MATERIAL PROVIDED: Begin

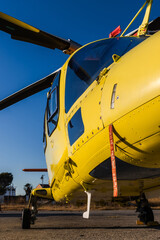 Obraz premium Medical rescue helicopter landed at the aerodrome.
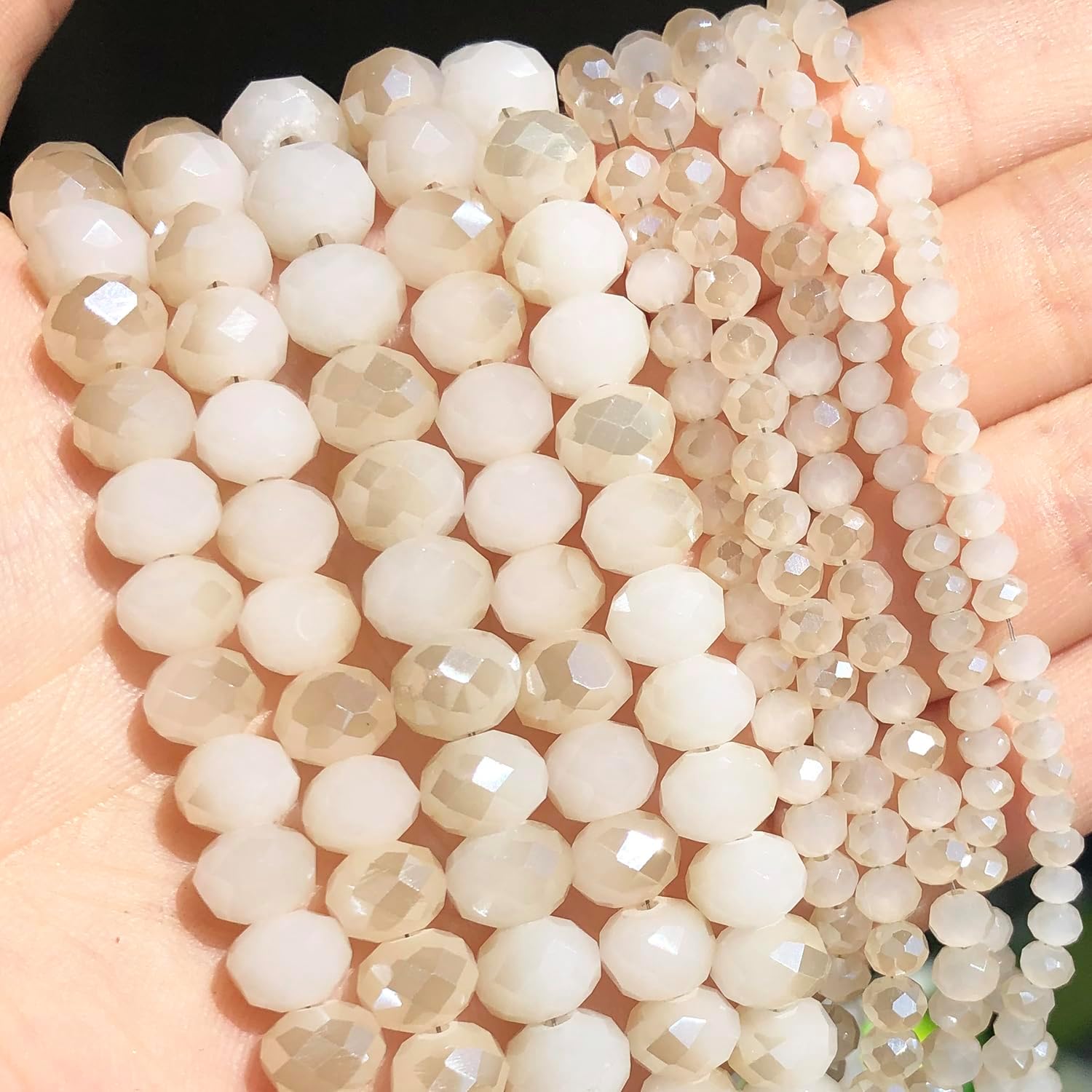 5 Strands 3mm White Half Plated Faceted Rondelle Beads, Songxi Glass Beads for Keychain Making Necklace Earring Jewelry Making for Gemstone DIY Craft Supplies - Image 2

MATERIAL PROVIDED: End
MATERIAL PROVIDED: Begin

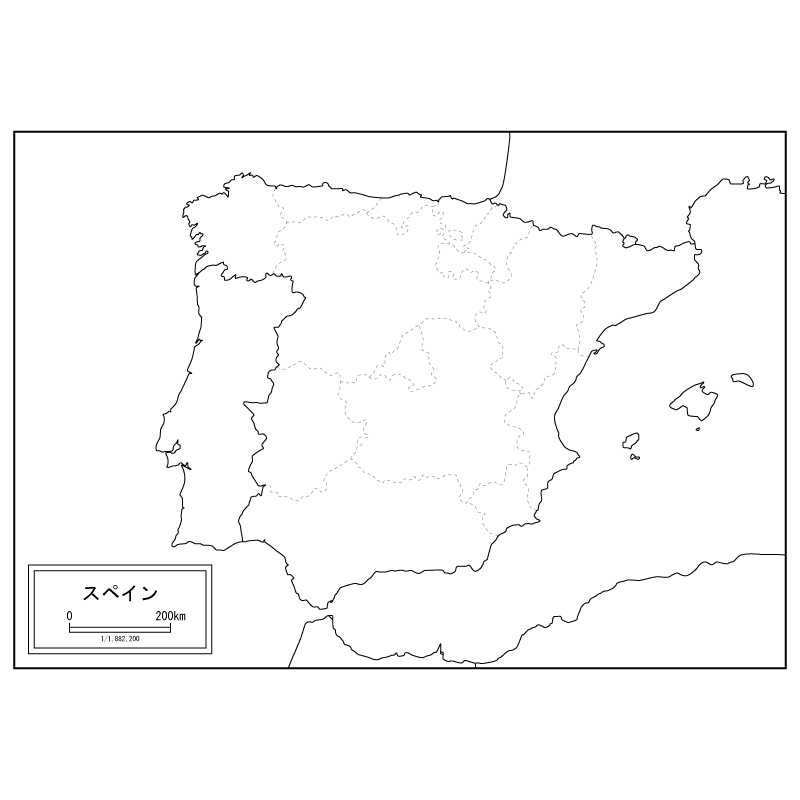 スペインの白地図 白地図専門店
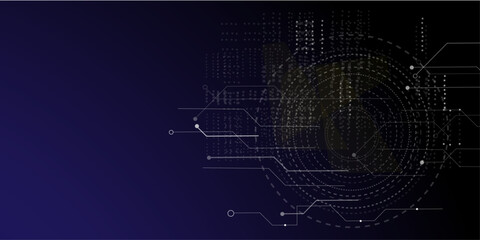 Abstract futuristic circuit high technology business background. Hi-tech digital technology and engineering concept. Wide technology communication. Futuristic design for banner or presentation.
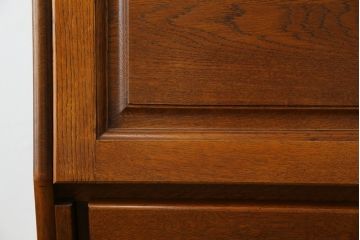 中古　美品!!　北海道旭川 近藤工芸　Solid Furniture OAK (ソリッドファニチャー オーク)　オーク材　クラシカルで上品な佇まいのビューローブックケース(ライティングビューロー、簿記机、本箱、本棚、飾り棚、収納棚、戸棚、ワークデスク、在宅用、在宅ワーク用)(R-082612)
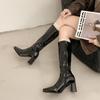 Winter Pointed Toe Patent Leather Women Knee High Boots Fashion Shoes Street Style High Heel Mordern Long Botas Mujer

MATERIAL PROVIDED: End

#### DESCRIPTION OF THE TASK
Every line from the one with "スペインの白地図 白地図専門店" through the one with "Winter Pointed Toe" is to be reproduced exactly as written above, and the pictures are to be dropped.

#### ANSWER SECTION
 スペインの白地図 白地図専門店
 Abstract futuristic circuit high technology business background. Hi-tech digital technology and engineering concept. Wide technology communication. Futuristic design for banner or presentation.
 中古　美品!!　北海道旭川 近藤工芸　Solid Furniture OAK (ソリッドファニチャー オーク)　オーク材　クラシカルで上品な佇まいのビューローブックケース(ライティングビューロー、簿記机、本箱、本棚、飾り棚、収納棚、戸棚、ワークデスク、在宅用、在宅ワーク用)(R-082612)
 Winter Pointed Toe Patent Leather Women Knee High Boots Fashion Shoes Street Style High Heel Mordern Long Botas Mujer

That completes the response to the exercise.